A) $1,000 taxable benefit and no security option deduction
B) $1,000 taxable benefit and a 50% security option deduction
C) $3,000 taxable benefit and no security option deduction
D) $3,000 taxable benefit and a 50% security option deduction
Question
Susan was provided with a company car to drive from March 1st to December 31st of the current year. The car cost the company $22,000, plus GST (5%) and PST (6%). Susan drove the car a total of 15,000 kilometres during the year. 11,000 kilometres were for business purposes and the other 4,000 kilometres were for personal use.
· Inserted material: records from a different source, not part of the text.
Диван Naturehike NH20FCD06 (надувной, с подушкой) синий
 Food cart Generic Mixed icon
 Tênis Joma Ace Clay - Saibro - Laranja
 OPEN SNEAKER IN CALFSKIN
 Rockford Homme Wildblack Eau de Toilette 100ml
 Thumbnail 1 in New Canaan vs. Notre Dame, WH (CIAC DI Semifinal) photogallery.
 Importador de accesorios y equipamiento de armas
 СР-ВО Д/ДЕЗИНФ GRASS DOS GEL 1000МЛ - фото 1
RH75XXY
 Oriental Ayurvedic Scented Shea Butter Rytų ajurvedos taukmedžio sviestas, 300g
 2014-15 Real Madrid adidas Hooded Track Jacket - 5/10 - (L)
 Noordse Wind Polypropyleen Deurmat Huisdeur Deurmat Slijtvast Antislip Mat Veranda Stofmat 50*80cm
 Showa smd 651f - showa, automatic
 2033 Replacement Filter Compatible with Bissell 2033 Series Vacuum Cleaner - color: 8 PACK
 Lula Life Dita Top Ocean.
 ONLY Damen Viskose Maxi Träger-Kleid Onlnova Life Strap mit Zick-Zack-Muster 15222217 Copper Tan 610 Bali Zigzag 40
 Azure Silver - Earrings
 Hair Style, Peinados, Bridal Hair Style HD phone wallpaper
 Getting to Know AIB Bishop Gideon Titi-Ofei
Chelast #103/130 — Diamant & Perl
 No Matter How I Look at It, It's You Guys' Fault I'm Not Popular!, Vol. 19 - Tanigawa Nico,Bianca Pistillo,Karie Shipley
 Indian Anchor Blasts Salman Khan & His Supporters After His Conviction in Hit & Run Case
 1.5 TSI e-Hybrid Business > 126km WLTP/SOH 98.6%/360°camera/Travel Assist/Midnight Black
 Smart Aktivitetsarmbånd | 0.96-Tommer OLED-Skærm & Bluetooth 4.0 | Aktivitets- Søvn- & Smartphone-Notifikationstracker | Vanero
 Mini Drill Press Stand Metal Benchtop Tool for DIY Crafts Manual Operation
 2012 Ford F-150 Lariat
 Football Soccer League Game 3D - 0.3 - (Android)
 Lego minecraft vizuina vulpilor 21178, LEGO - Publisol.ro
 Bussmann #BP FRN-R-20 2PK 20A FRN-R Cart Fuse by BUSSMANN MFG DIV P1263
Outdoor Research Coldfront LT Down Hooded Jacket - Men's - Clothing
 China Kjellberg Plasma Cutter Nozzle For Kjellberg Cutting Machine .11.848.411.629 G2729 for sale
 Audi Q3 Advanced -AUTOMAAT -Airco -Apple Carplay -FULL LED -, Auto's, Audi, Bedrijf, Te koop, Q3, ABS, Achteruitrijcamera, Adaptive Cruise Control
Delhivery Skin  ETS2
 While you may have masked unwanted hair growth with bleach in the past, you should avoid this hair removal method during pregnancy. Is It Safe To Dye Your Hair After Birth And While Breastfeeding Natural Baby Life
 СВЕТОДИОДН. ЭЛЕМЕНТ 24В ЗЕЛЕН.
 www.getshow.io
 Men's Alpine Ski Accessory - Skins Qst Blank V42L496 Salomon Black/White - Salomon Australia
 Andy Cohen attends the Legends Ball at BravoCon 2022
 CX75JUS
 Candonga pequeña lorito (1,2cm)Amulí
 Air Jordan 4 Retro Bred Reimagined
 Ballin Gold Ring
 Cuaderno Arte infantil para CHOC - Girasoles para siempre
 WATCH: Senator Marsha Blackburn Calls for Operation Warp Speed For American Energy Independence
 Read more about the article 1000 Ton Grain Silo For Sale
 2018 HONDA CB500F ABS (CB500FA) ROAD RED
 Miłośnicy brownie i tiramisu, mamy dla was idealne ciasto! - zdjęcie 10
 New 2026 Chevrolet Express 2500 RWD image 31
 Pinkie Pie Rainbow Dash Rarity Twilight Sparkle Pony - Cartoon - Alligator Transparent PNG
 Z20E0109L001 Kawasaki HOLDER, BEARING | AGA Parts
Susan's employer paid for all of the vehicle's operating costs which totaled $1,100. What is the minimum amount that Susan will report in total taxable benefits as a result of the above information? (Round your answer to the nearest dollar, and apply tax rules for 2019.)

A) $1,172
B) $1,758
C) $2,212
D) $6,901
Question
Which of the following factors are used by the courts in order to determine a taxpayer's status as an employee or a self-employed contractor?

A) control test, ownership of tools test, chance of lawsuit, integration test
B) control test, employer test, chance of lawsuit, integration test
C) control test, ownership of tools test, chance of profit and loss, integration test
D) control test, employer test, chance of profit and loss, integration test
Question
Which of the following, when provided by an employer, is NOT a tax-deferred or tax-free benefit for the employee?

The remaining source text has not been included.